Travels with My Royal: A Memoir of the Writing Life is expected to be in bookstores next month.
“In my writing life, nothing has equaled that gift and legacy— the magic of words.”

—Robert Laxalt

Travels With My Royal: A Memoir of the Writing Life

Robert Laxalt’s memoir takes readers on a literary tour inside the mind of one of Nevada’s finest and most prolific novelists. Travels With My Royal: A Memoir of the Writing Life is a beautiful book—full of humor and free of hubris.

Laxalt may be best known for having chronicled the lives of Basque immigrants to Nevada in such books as Sweet Promised Land and The Basque Hotel. Reading his memoir, which is expected to come out in May, is like having a chat with the author on subjects ranging from his childhood to the birth of each of his books.

Travels With My Royal invokes author John Steinbeck’s account of his trek across the nation, Travels With Charley. But Laxalt’s companion on his journey is an old manual typewriter, a portable Royal that his mother purchased for her children. Laxalt’s adventures include growing up in Carson City during Prohibition, being a staff correspondent for United Press and working at the University of Nevada, Reno.

Many of the short scenes end up indelibly etched on the reader’s mind. I won’t soon forget Laxalt’s tale of a youthful visit to one of Carson City’s three brothels.

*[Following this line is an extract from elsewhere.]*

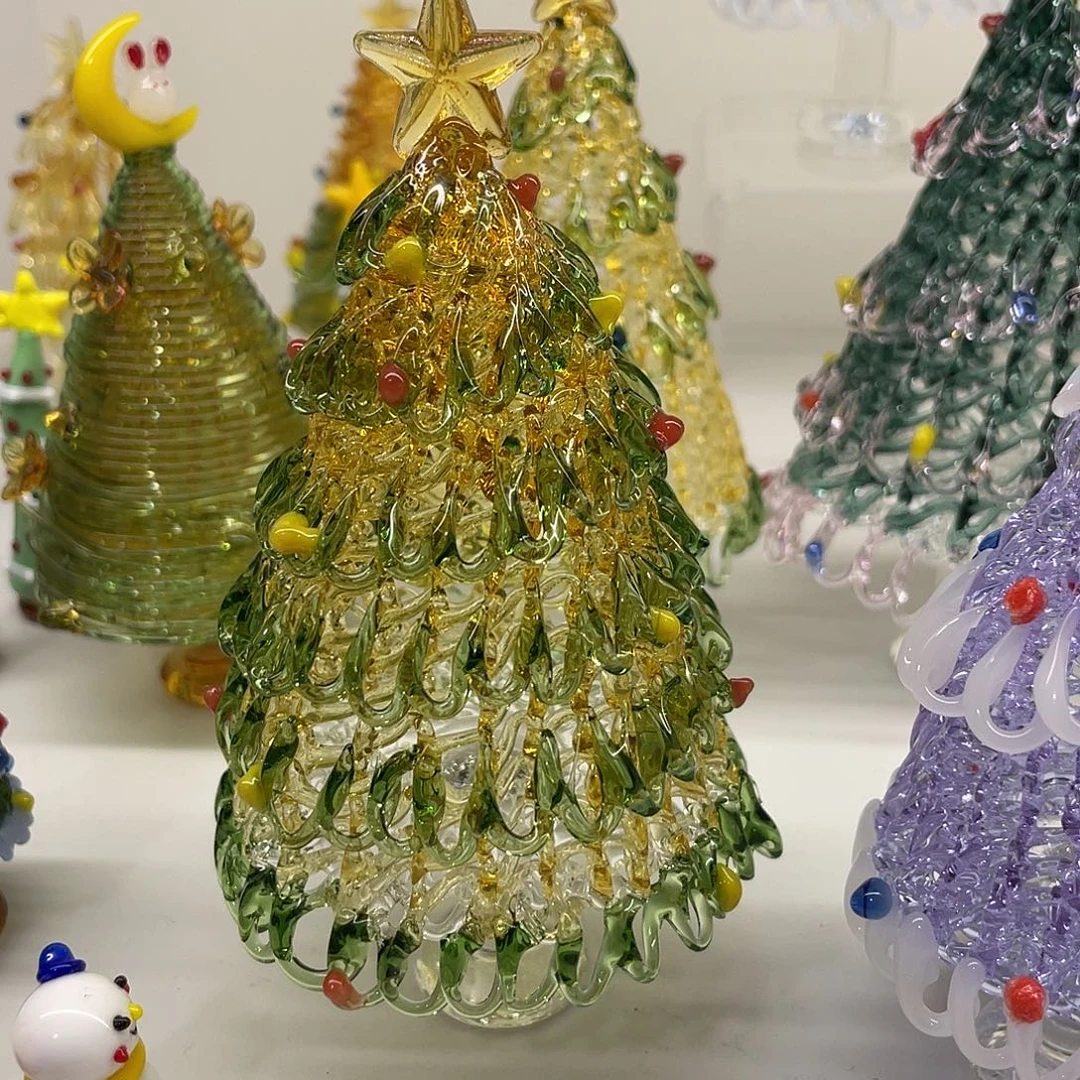 琉璃手工艺品啊啊啊啊啊啊啊啊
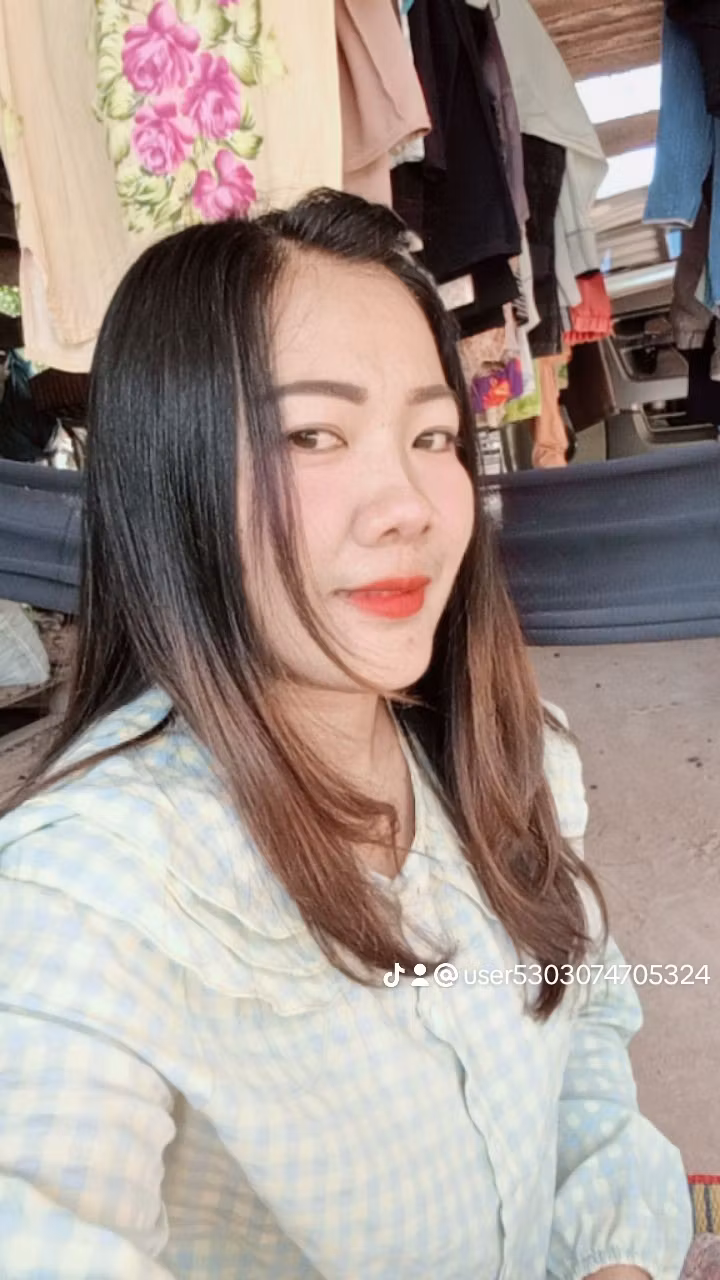 Khuan043 (32)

“They were more like social centers than dens of iniquity, places for state workers to gather for a drink before going home,” Laxalt writes. After being taunted by schoolmates, young Laxalt agreed to visit a brothel one Saturday night.

“A girl in a gauzy dress walked up to my chair, murmured hello in a dulcet voice, and sat down on my lap. I was terrified and speechless, looking up only once into a powdered face with red lipstick, mascaraed eyes and blond curls.”

Though his friends offered to pay his way with “Daisy,” Laxalt declined, trying not to “hurt Daisy’s feelings.” Laxalt’s stories are infused with this kind of gentle humor, pathos and compassion. Laxalt liked people. And he liked to write.

"Once having decided back then to become a writer, I hadn’t the remotest idea of what was involved in the writer’s life," he relates in a postscript. "I was to learn the answers through the years of growing up and the years that followed. They came in a slow and often painful process that never ended. I suspect they will continue to come all of a writer’s life, until the day he puts his pen aside for the last time."